Madame Antoinete, perdão, Tieta. |
Tieta do Agreste
(Jorge Amado)
EPISÓDIO Nº 121
ONDE O AUTOR PROCURA E NÃO ENCONTRA TERMO JUSTO PARA
DESIGNAR O REFÚGIO DOS LORDES
Não, não deverei
usar nenhuma das palavras clássicas: prostíbulo, lupanar, bordel, serralho,
alcoice, conventilho, pensão de mulheres, casa de putas, nem mesmo randevu,
para classificar o Refúgio dos Lordes, na capital do glorioso Estado de São
Paulo, abrigo luxuoso, discreto, fechadíssima
Maison de repôs, talvez, não
fosse o termo servir também sanatório destinado a malucos endinheirados e
enrustidos.
Enrustidos, os seleccionados fregueses do Refúgio, mas dificilmente
fracos da cabeça, quase sempre cérebros privilegiados, de elevadíssimo QI,
sagazes financeiros quando não prudentes e esclarecidos pais-da-pátria.

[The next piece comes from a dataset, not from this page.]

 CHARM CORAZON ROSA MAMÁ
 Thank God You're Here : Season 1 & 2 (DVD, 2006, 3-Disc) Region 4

Funcionasse na Bahia, seria castelo, a designação soa bem, recorda nobreza e
fausto. Em São Paulo ,
o Refúgio dos Lordes participa da medicina e da bolsa de valores, não se
reduzindo a satisfazer necessidades dos ricos e poderosos – dos mais ricos e
dos mais poderosos – pois atende e trata com terapêutica própria melindrosos
complexos, atende a graciosas taras, indo da massagem sueca ou nipónica ao divã
de irresistíveis psicanalistas com escola completa, faculdades nacionais e por
vezes estrangeiras, ditas BBC: boca, boceta e cu.
Serve também, quando
necessário, como local de encontro o mais conveniente pela discrição, para o
trato e conclusão de assuntos reservados, referentes à economia, às finanças e
à política. Ali discutem-se superiores interesses, fundam-se bancos, erguem-se
indústrias, escolhem-se candidatos a governador.

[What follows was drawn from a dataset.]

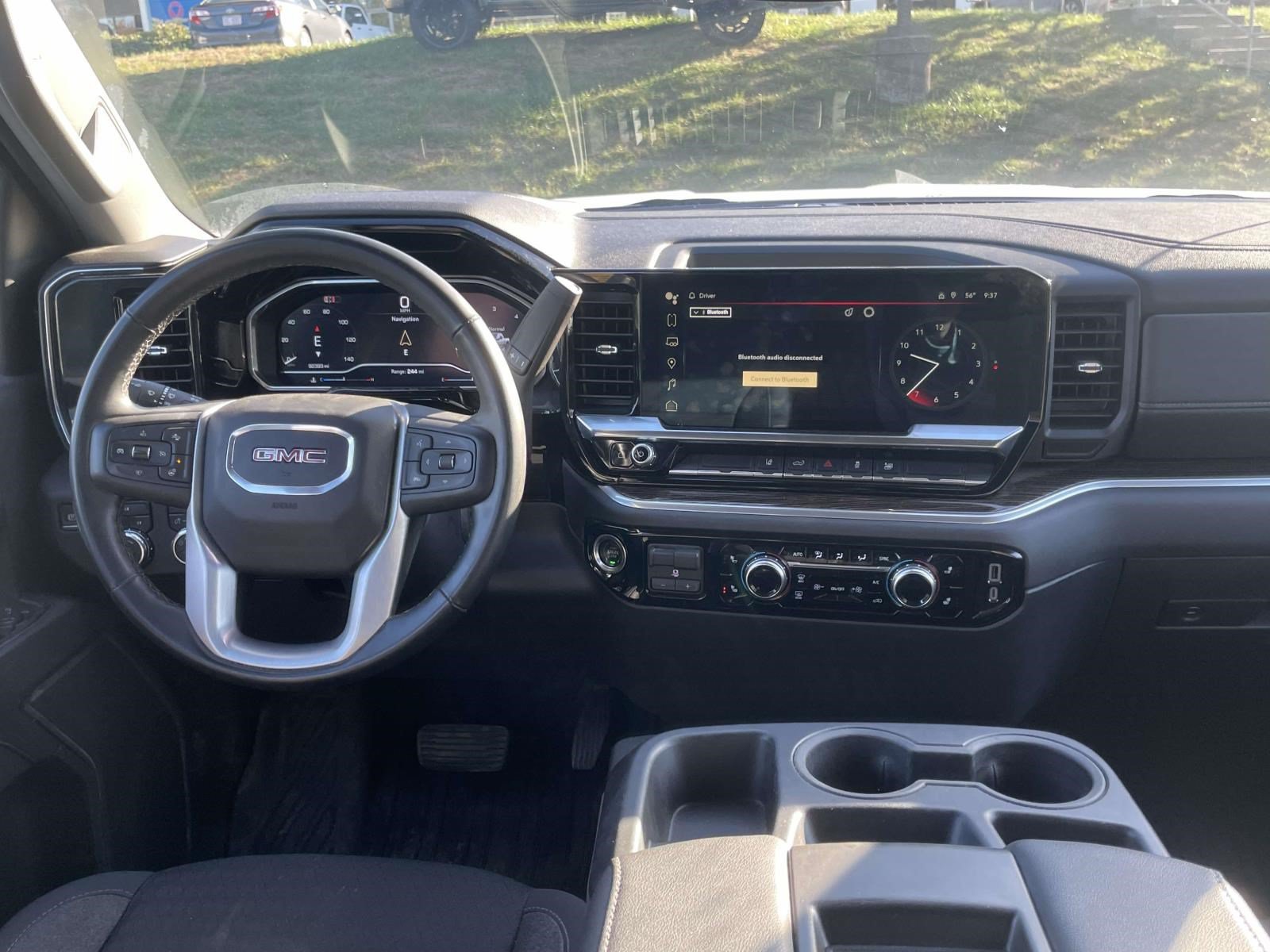 Used 2024 GMC Sierra 2500 SLE w/ SLE Value Package; AWD/4WD image 12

Ao abandonar a simplicidade de Agreste, onde a casa de Zuleika
Cinderela é apenas puteiro e nada mais, para envolver-me com os grandes do sul,
com a intelectualidade dos tecnocratas, empresários, homens de Estado, altas
patentes, os dirigentes dos destinos pátrios, sinto-me acanhado, faltam-me
conhecimento e inspiração à altura do nobre tema.
Como designar o pequeno
império dirigido em francês com competência, dedicação e toute la delicatesse
por Madame Antoinette?
Perdoem-me senão encontro a palavra justa, sinto-me embaraçado, tento
cometer imperdoável erro, rude narrador habituado a chão árido e a vidas
modestas, de dinheiro parco e duro trabalho.
Aliás, para que classificar este
aprazível local de relax, onde os grandes do mundo distendem os nervos e
recuperam as forças? Nesse bendito recanto, segundo consta, figurões já de todo
impotentes se reerguem pururucas e obtêm satisfação nas mãos sábias e belas das
meninas, quando não nos lábios de carmim.
Ah!, quanto custa ser pobre e
inédito. Digo inédito porque sei que as portas do Refúgio dos Lordes
excepcionalmente se abrem para aqueles escribas de fama e glória, uns poucos
privilegiados.
Um dia lá chegarei, quem sabe, se a sorte ajudar. Poderei então encontrar a designação exacta. Por ora, não.